**What you are asked to do:** After locating the line that contains "Tortoiseshell Carved Classic" in the records below, write out exactly that line and each line after it through the one that contains "Flex in Aubagne", and nothing else.

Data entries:
[Start of Attachment]

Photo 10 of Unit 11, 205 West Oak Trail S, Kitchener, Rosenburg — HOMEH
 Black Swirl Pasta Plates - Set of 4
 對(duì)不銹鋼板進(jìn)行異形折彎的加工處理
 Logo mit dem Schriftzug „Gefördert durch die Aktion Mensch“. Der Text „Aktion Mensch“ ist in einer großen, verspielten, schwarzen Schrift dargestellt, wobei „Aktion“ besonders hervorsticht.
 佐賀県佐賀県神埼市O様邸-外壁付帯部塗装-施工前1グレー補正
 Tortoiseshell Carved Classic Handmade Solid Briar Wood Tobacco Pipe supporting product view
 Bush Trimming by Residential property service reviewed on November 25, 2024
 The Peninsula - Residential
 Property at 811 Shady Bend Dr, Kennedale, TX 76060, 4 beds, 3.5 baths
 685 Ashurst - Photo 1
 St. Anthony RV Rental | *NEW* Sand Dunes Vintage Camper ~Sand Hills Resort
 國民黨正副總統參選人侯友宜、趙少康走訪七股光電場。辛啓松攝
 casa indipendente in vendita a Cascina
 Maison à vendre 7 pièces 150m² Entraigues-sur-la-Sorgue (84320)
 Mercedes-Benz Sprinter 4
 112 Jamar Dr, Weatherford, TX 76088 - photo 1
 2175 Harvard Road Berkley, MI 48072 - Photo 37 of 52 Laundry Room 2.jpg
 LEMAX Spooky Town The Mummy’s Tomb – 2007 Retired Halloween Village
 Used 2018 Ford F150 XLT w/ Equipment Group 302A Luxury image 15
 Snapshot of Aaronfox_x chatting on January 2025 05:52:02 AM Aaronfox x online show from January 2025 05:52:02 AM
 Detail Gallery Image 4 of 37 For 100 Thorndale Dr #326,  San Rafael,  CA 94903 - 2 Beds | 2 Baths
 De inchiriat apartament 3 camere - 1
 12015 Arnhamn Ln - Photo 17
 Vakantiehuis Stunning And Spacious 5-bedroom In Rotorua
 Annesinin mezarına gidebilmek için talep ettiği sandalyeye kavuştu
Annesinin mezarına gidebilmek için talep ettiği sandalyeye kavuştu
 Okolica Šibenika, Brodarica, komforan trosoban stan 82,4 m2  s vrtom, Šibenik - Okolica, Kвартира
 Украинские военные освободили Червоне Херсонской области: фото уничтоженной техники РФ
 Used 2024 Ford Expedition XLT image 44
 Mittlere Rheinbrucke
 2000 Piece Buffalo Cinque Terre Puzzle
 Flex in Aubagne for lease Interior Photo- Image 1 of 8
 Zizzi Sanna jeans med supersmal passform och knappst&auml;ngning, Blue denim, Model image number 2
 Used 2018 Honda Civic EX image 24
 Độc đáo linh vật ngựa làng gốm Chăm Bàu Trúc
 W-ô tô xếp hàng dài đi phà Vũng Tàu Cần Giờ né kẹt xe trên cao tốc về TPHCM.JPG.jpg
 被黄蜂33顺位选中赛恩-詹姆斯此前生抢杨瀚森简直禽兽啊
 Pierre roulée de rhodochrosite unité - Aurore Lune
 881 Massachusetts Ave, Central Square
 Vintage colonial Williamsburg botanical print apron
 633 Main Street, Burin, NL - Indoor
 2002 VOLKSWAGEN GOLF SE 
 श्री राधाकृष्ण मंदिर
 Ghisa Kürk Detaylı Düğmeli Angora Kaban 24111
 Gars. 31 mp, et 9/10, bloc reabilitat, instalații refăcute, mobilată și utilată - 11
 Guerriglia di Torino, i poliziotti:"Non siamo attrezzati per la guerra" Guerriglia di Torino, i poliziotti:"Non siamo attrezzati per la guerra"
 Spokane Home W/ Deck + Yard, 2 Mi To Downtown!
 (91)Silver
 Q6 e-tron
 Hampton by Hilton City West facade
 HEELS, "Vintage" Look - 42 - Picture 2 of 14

[End of Attachment]

**Reply:**
 Tortoiseshell Carved Classic Handmade Solid Briar Wood Tobacco Pipe supporting product view
 Bush Trimming by Residential property service reviewed on November 25, 2024
 The Peninsula - Residential
 Property at 811 Shady Bend Dr, Kennedale, TX 76060, 4 beds, 3.5 baths
 685 Ashurst - Photo 1
 St. Anthony RV Rental | *NEW* Sand Dunes Vintage Camper ~Sand Hills Resort
 國民黨正副總統參選人侯友宜、趙少康走訪七股光電場。辛啓松攝
 casa indipendente in vendita a Cascina
 Maison à vendre 7 pièces 150m² Entraigues-sur-la-Sorgue (84320)
 Mercedes-Benz Sprinter 4
 112 Jamar Dr, Weatherford, TX 76088 - photo 1
 2175 Harvard Road Berkley, MI 48072 - Photo 37 of 52 Laundry Room 2.jpg
 LEMAX Spooky Town The Mummy’s Tomb – 2007 Retired Halloween Village
 Used 2018 Ford F150 XLT w/ Equipment Group 302A Luxury image 15
 Snapshot of Aaronfox_x chatting on January 2025 05:52:02 AM Aaronfox x online show from January 2025 05:52:02 AM
 Detail Gallery Image 4 of 37 For 100 Thorndale Dr #326,  San Rafael,  CA 94903 - 2 Beds | 2 Baths
 De inchiriat apartament 3 camere - 1
 12015 Arnhamn Ln - Photo 17
 Vakantiehuis Stunning And Spacious 5-bedroom In Rotorua
 Annesinin mezarına gidebilmek için talep ettiği sandalyeye kavuştu
Annesinin mezarına gidebilmek için talep ettiği sandalyeye kavuştu
 Okolica Šibenika, Brodarica, komforan trosoban stan 82,4 m2  s vrtom, Šibenik - Okolica, Kвартира
 Украинские военные освободили Червоне Херсонской области: фото уничтоженной техники РФ
 Used 2024 Ford Expedition XLT image 44
 Mittlere Rheinbrucke
 2000 Piece Buffalo Cinque Terre Puzzle
 Flex in Aubagne for lease Interior Photo- Image 1 of 8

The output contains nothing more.